WHAT THIS TASK INVOLVES:
Reproduce the listing exactly, with no pictures in your copy.

SOURCE MATERIAL:
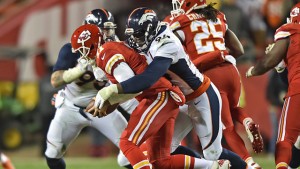 KANSAS CITY, MO - NOVEMBER 30: of the Denver Broncos of the Kansas City Chiefs during the first half on November 30, 2014 at Arrowhead Stadium in Kansas City, Missouri. (Photo by Peter G. Aiken/Getty Images) *** Local Caption ***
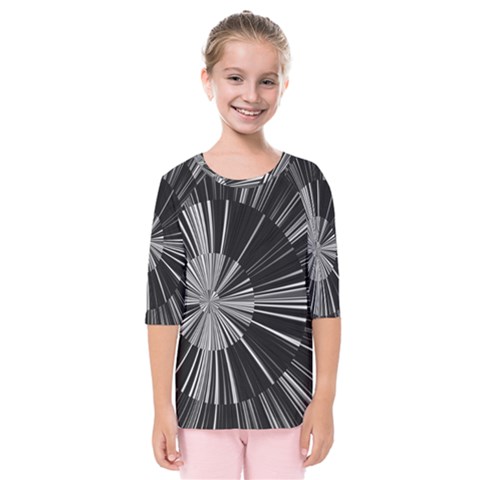 Abstract Black And White Stripes Kids  Quarter Sleeve Raglan Tee by SpinnyChairDesigns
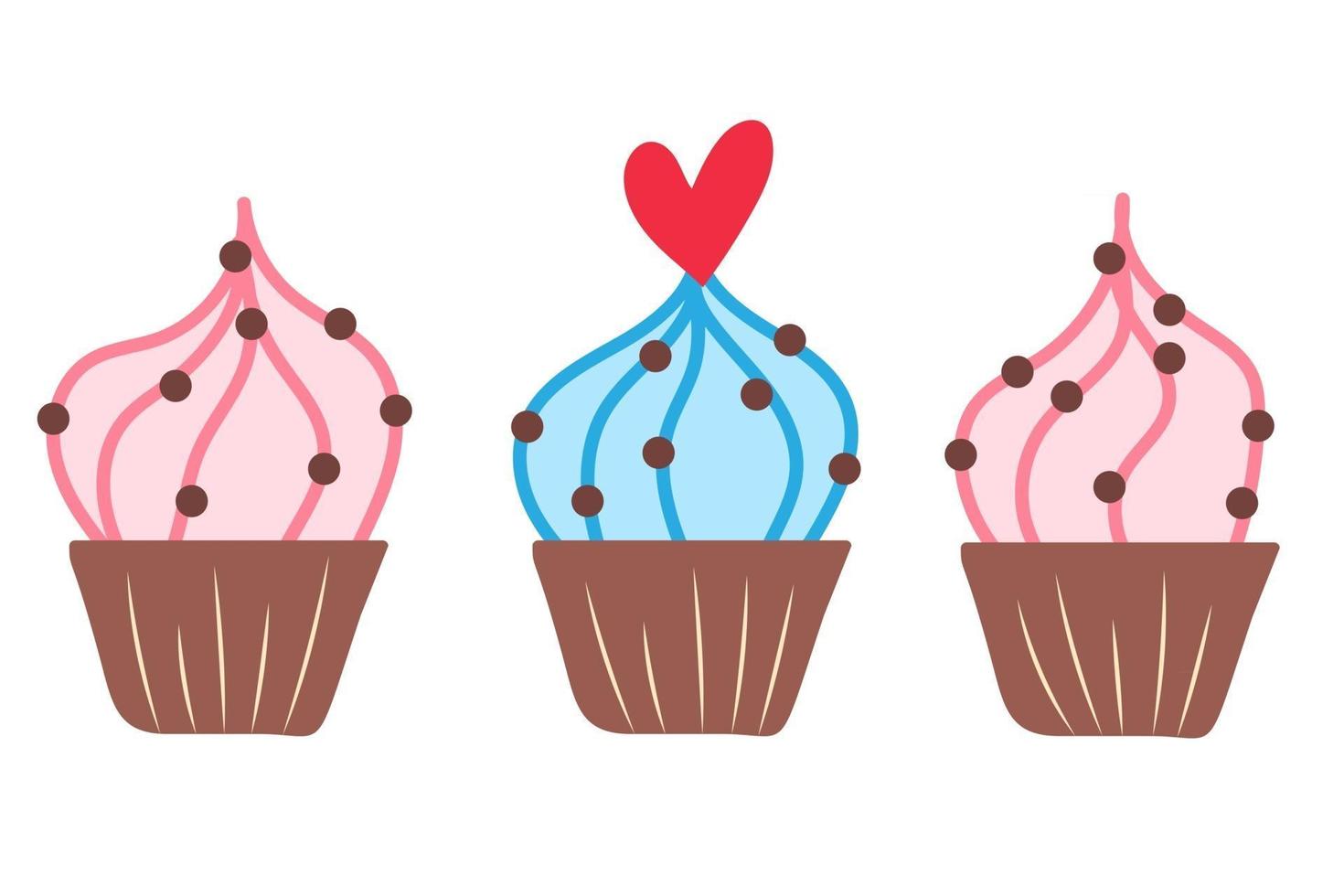 lindo y sabroso cupcake n estilo doodle vector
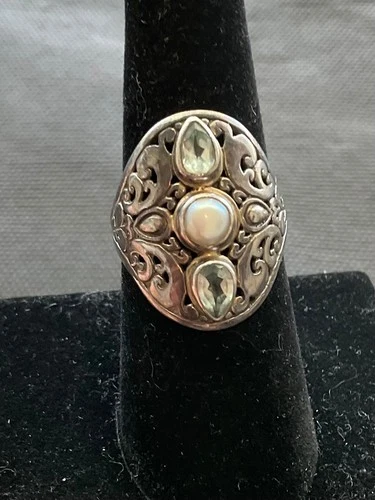 ATI 925 sterling silver multi gemstone statement ring size 6.75 Vintage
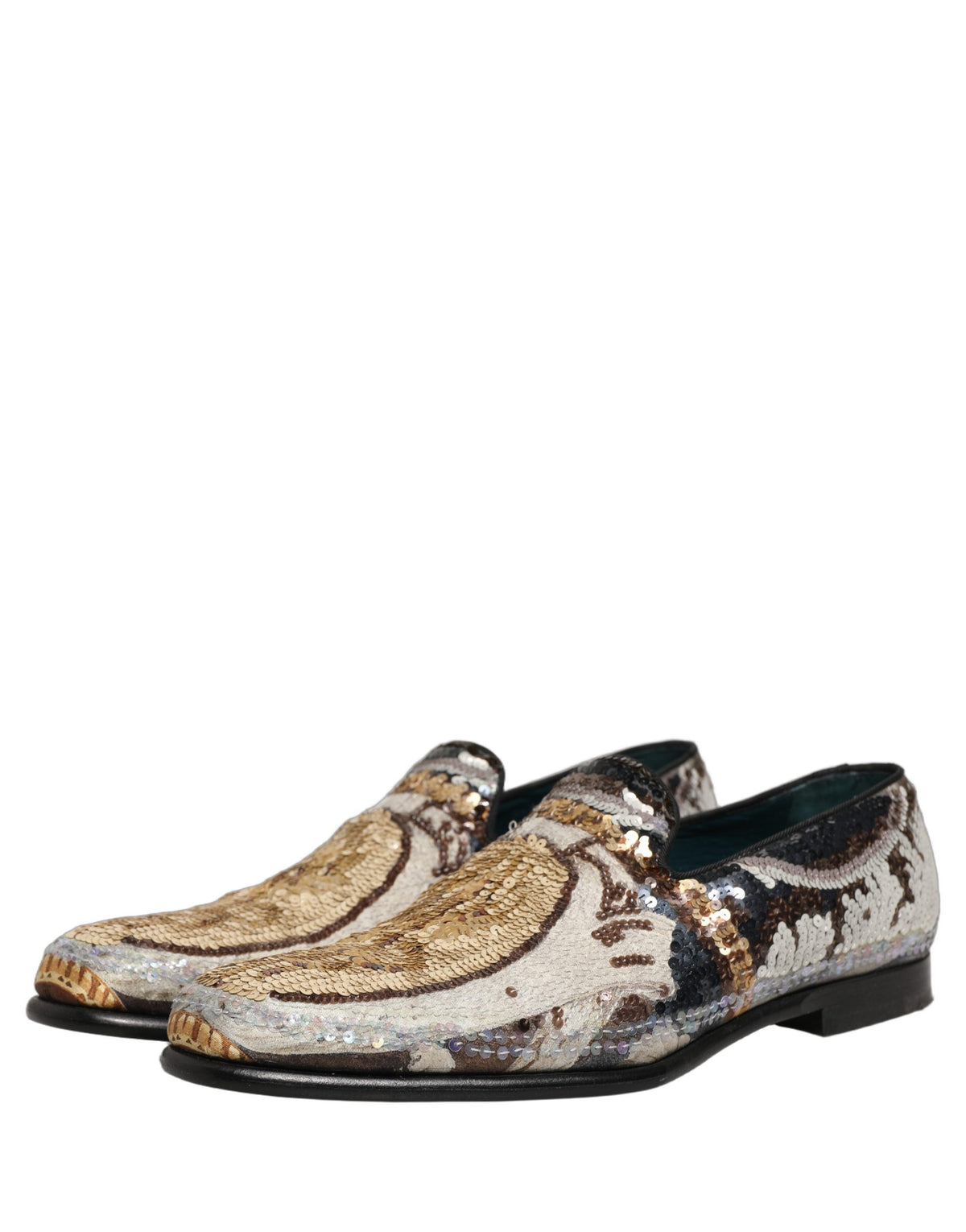 New Dolce & Gabbana Embroidered Sequin Loafers Shoes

EXERCISE SOLUTION:
 KANSAS CITY, MO - NOVEMBER 30: of the Denver Broncos of the Kansas City Chiefs during the first half on November 30, 2014 at Arrowhead Stadium in Kansas City, Missouri. (Photo by Peter G. Aiken/Getty Images) *** Local Caption ***
 Abstract Black And White Stripes Kids  Quarter Sleeve Raglan Tee by SpinnyChairDesigns
 lindo y sabroso cupcake n estilo doodle vector
 ATI 925 sterling silver multi gemstone statement ring size 6.75 Vintage
 New Dolce & Gabbana Embroidered Sequin Loafers Shoes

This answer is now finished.